АЛЕКСАНДР ПЯТИГОРСКИЙ
СВОБОДНЫЙ ФИЛОСОФ ПЯТИГОРСКИЙ
том 2
«ПРАВОЕ» И «ЛЕВОЕ» В СОЦИАЛЬНОЙ ФИЛОСОФИИ ФРАНКА
Предварительный комментарий Кирилла Кобрина
Цикл программ «Философия в России» завершился 20 сентября 1978 года третьей беседой о взглядах Семена Франка, которая сегодня, 36 лет спустя, звучит пугающе актуальной. Она действительно внушает тревогу, но не в расхожем смысле, мол, такой-то предсказал все еще сто лет назад; нет, дела, как мне кажется, обстоят еще хуже. Разговор о русском философе первой половины прошлого века, одном из деятелей Серебряного века, «религиозного возрождения», эмигранте первой волны, должен был иметь в 1978 году двойную цель. Первая — просветительская. Дать возможность советским людям — точнее, тем из них, кто на самом деле хотел узнать что-то помимо учебника по истмату/диамату и «Истории СССР с древнейших времен», — познакомиться с одним из наиболее интересных несоветских мыслителей, сложившихся в дореволюционные годы и проделавших в эмиграции интересную и поучительную эволюцию. Вторая цель — еще раз определить некоторые особенности русской общественной мысли,а также причины социально-политической катастрофы, которая произошла в 1917 году — и, по мнению многих, не закончилась к 1978 году.
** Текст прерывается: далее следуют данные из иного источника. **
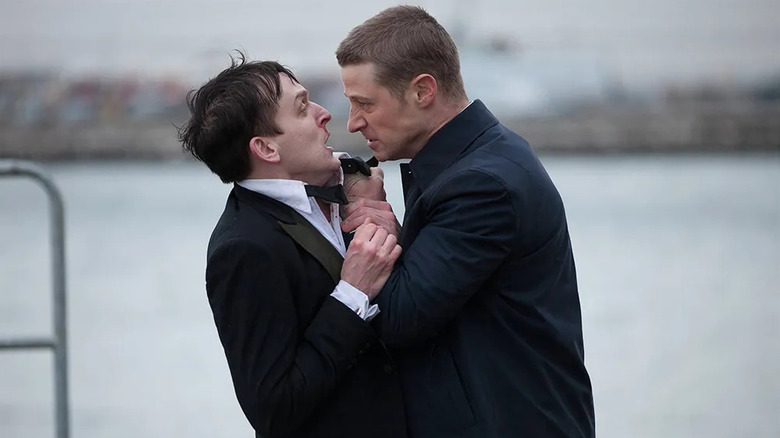 Ben McKenzie's Jim Gordon threatens Robin Lord Taylor's Penguin on Gotham.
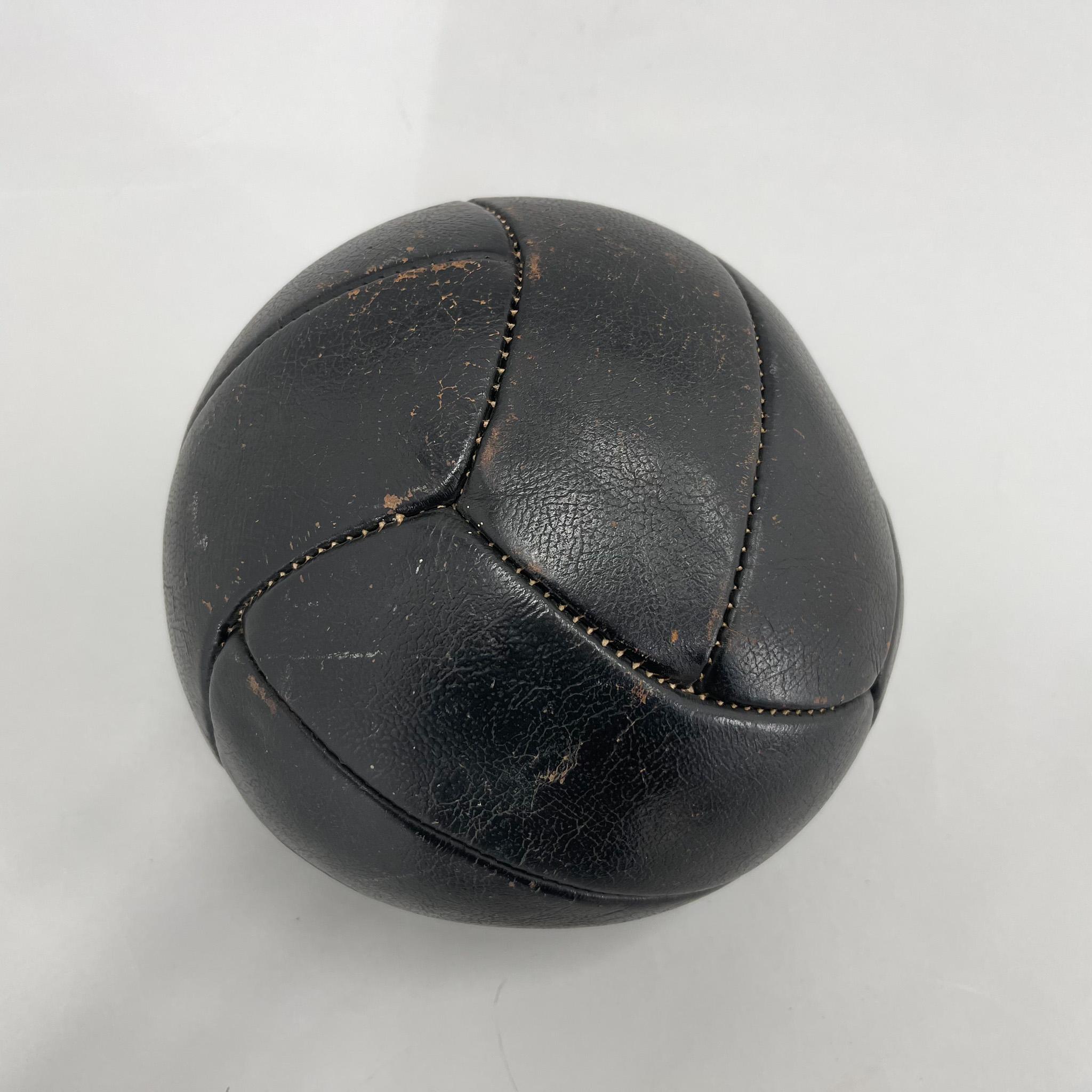 Vintage Black Leather Medicine Ball, 1930s  In Good Condition For Sale In Praha, CZ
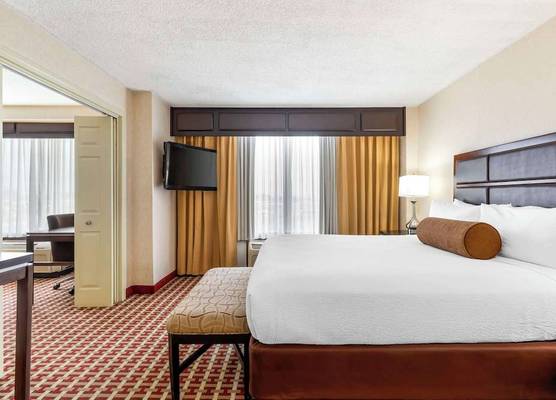 Best Western Plus Grosvenor Airport Hotel 1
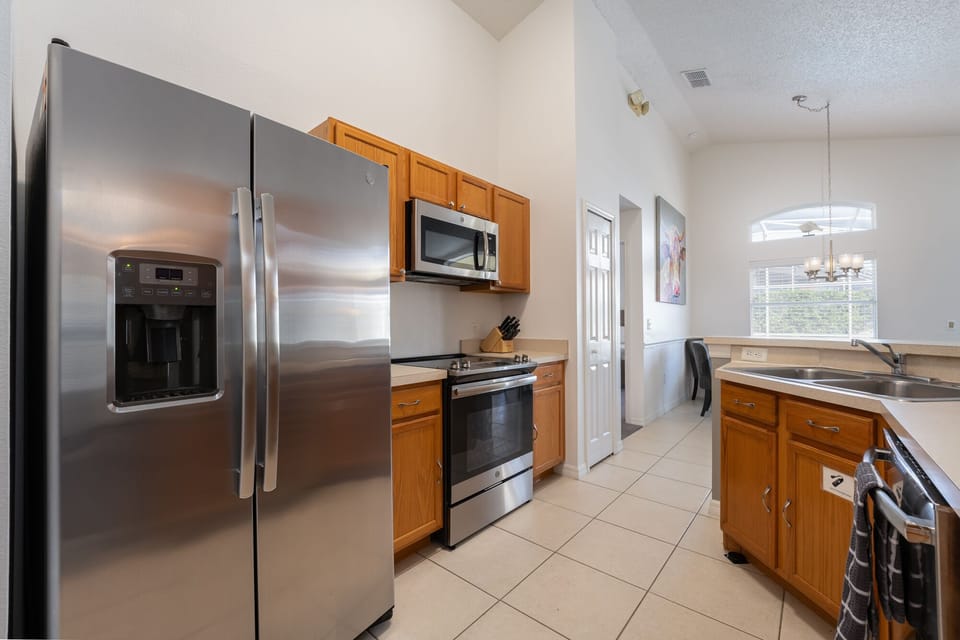 Kitchen showing appliances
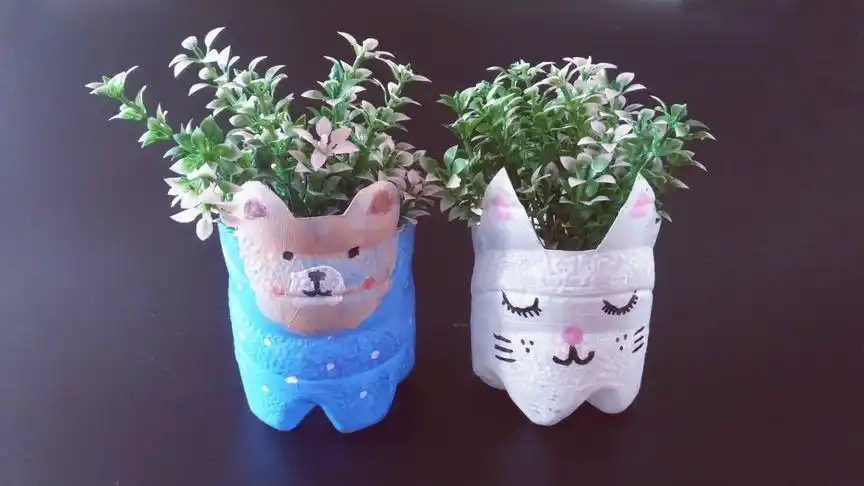 空饮料瓶变废为宝,简单几步diy出漂亮的花瓶,摆在桌子上美美哒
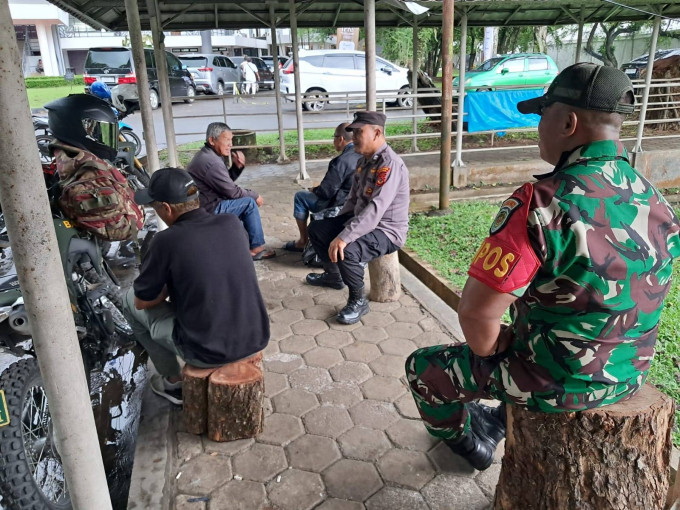 Sinergitas TNI-POLRI Laksanakan Patroli Dialogis Sambangi Warga Binaan, Berikan Imbauan Kamtibmas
Иными словами, речь шла о том, чтобы «вернуться» к на самом деле завершенному историческому периоду, счистить с него благородную патину «высокой дореволюционной культуры», которую обожают культурные пошляки, и показать, что там действовали очень разные люди, мыслившие по-разному, некоторые из них — вполне оригинально. Собственно, и название цикла об этом говорит: «Философия в России», не «русская философия». Никаких спекуляций по поводу особой «духовности», «вечной судьбы России» и «великих русских культурных традиций». Подход чисто философский (а не историко-культурный) и либеральный.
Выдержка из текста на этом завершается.